WASHINGTON (AFP) — The United States is expanding the use of spy satellites for domestic surveillance, turning its "eyes in sky" inward to counter terrorism and eventually for law enforcement, US officials said Wednesday.
Authorized by US intelligence chief Michael McConnell in May and managed by the Department of Homeland Security, the change will allow more federal and local agencies to tap into satellite imagery and related intelligence products, they said.
It also will expand the kind of intelligence that can be made available to include measurement and signature intelligence, which is used to identify and track targets by their particular physical characteristics, they said.
Charles Allen, assistant secretary of Homeland Security for intelligence analysis, said the main priority is to make more robust use of intelligence capabilities for civil defense purposes.
"The least of my concern is law enforcement," he said in a telephone interview.
"We're looking at that and we'll do it in an appropriate way," he said. But he said the government will move slowly on what probably will be limited applications for law enforcement.
He said spy satellites already have been used on an ad hoc basis to guard against terrorist attacks at political conventions and major sporting events.
The Department of Homeland Security envisions using spy satellites to keep closer watch over borders, ports, bridges and other key infrastructure.
They would use them in responding to disasters like the September 11, 2001 attacks or Hurricane Katrina.
NASA, the Federal Emergency Management Administration and US Geological Survey already have had access to imagery from US reconnaissance satellites.
But the expanded uses raise questions about the implications for US civil liberties, whether the government's intelligence apparatus should be available to use to spy on people inside the United States.
Another issue is whether and how law enforcement agencies will ultimately be able to use powerful tools designed to spy on foreign adversaries.
A US official, who spoke on condition of anonymity, said the changes have been vetted throughout the US government and appropriate congressional committees have been briefed and approved a budget re-allocation for the new program.

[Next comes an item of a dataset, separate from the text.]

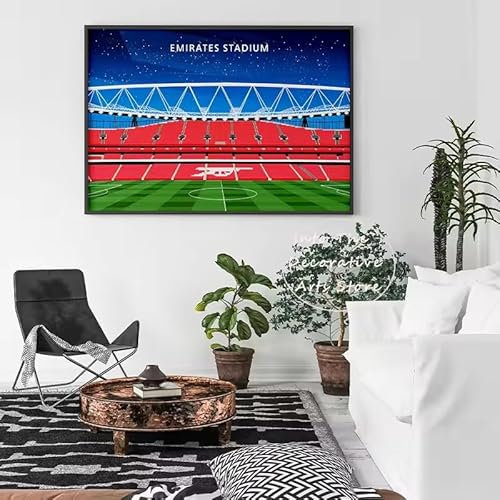 KIYXPWLZQ Weltberühmte Sportarten Liverpool Arsenal Stadion Old Trafford Stadion Poster Leinwand Gemälde Wandkunst Wohnkultur50X70Cm rahmenlos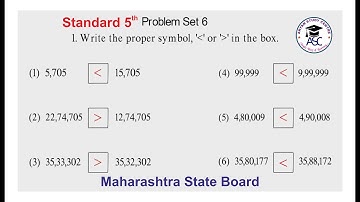 Std 5th Maths Lesson no 2 Problem Set 6 (Maharashtra State Board)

"There is no new legal ground being broken here," said the official, who spoke to AFP on condition of anonymity. The Wall Street Journal was the first to report on the plans Wednesday.
As a result of the changes, the Department of Homeland Security plans up to create a National Applications Office around October 1 to handle requests for access to intelligence capabilities from civilian agencies.
The offices will have separate working groups for civil, homeland security and law enforcement applications.
"The NAO will rely on existing, longstanding practice and procedures established by the Intelligence Community to ensure the appropriate protection of privacy and civil rights," a press release issued by the Department of Homeland Security said.
It said oversight would be provided by the department's inspector general and by civil rights officers at the department and at the office of the director of national intelligence.